The problem is THERE IS NO VIP! Jerry made it all up to get Rebel to say nice things about him during her hearing before the Ad Council. He saw the word “VIPs” as in “Very Important Persons” in a newspaper headline when he was at Rebel’s smothering her with kisses to … kiss up … and get her to lie before the Ad Council. His kisses didn’t take, but his promising her that she will be the ONE AND ONLY VIP GIRL – ON TV!! – did.
And so begins the Rebel TV advertising campaign of VIP – a product that doesn’t exist. All of America wants to buy VIP!! But what is it? And where can they buy it? The problem seems daunting until Dr. Linus Tyler steps in – Jerry visits this misanthropic quack in his Greenwich Village basement lab and bribes him with $5,000 to get back into the research game, to develop a VIP. Carol hears of this, and determined to steal the VIP account, tracks Dr. Tyler down in his lab. Only it’s Jerry in a lab apron washing some beakers – the real Dr. Tyler stepped out for a minute. Smitten by the pretty Carol, Jerry doesn’t tell her the doc has stepped out, but plays along. Meet the new Dr. Tyler. THE DOCTOR IS IN!

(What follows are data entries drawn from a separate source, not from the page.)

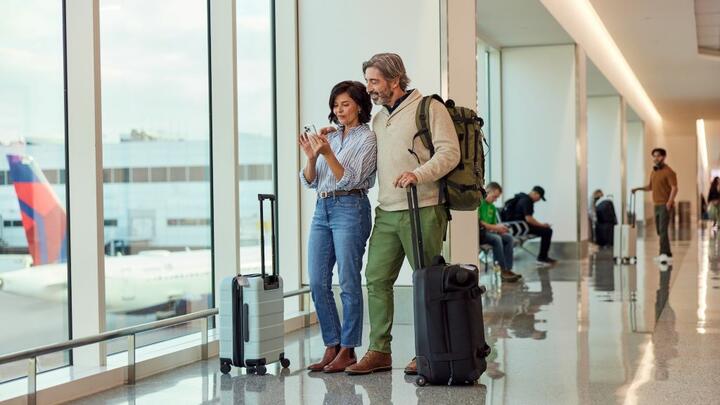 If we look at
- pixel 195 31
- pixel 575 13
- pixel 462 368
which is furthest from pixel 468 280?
pixel 575 13

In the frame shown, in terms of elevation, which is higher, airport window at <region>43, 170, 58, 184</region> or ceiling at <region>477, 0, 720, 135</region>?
ceiling at <region>477, 0, 720, 135</region>

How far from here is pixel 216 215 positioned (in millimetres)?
6859

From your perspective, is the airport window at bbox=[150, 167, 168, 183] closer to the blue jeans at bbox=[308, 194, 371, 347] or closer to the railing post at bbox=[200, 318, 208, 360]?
the railing post at bbox=[200, 318, 208, 360]

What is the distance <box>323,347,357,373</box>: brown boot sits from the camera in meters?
5.40

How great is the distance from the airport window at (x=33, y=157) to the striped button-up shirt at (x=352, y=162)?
1398 millimetres

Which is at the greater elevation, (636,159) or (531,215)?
(636,159)

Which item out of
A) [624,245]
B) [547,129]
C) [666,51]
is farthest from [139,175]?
[666,51]

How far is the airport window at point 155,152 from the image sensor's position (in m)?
5.86

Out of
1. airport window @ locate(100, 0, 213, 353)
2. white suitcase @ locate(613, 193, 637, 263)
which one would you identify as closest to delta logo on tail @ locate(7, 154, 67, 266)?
airport window @ locate(100, 0, 213, 353)

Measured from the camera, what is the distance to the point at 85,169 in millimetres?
5230

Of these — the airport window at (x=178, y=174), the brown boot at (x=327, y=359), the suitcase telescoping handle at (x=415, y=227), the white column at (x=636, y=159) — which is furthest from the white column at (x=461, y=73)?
the white column at (x=636, y=159)

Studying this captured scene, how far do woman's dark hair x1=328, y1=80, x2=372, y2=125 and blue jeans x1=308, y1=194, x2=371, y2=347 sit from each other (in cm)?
47

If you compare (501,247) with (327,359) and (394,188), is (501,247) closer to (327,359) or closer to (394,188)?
(327,359)

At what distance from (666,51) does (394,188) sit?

And so, a la PILLOW TALK, this beautiful play boy dupes Carol (a little too gullible, in my opinion) into believing he’s someone he’s not: the naive, innocent, VIRGINAL Dr. Linus Tyler. They date and smooch and date some more and smooch some more … and fall in love.
At one point, the wolfish Jerry is on the cusp of bedding down the chaste Carol – in the maid’s room in her apartment – when the telephone rings. It’s Carol’s boss and he enlightens Carol. SHE WAS DUPED! Carol is enraged! For spite, she lures Jerry out of bed to the beach 30 miles away where they first kissed … It’s time for a midnight skinny dip … but she does not take so much as her lipstick off and drives away with all of Jerry’s clothes. “GOOD NIGHT, MR. WEBSTER!” Carol yells from behind the car steering wheel as she zooms off. I won’t give away the ending of this terrific flick because it’s the funniest scene in the movie (to me!). But no one should ever write off Rock Hudson’s comedy chops or dismiss Doris Day as a sexless 1950s movie actress – Eisenhower’s girl but never JFK’s. Well, Day was sexy! She was more than a bridge to Jane Fonda and the American actresses of the 1960s and ’70s! Yes, she turned down the Mrs. Robinson role in THE GRADUATE, but did Ann Bancroft love and support Rock Hudson when he was dying of the then mysterious and taboo disease called AIDS? Doris Day was there for Rock. Sweet as sugar. Tough as nails.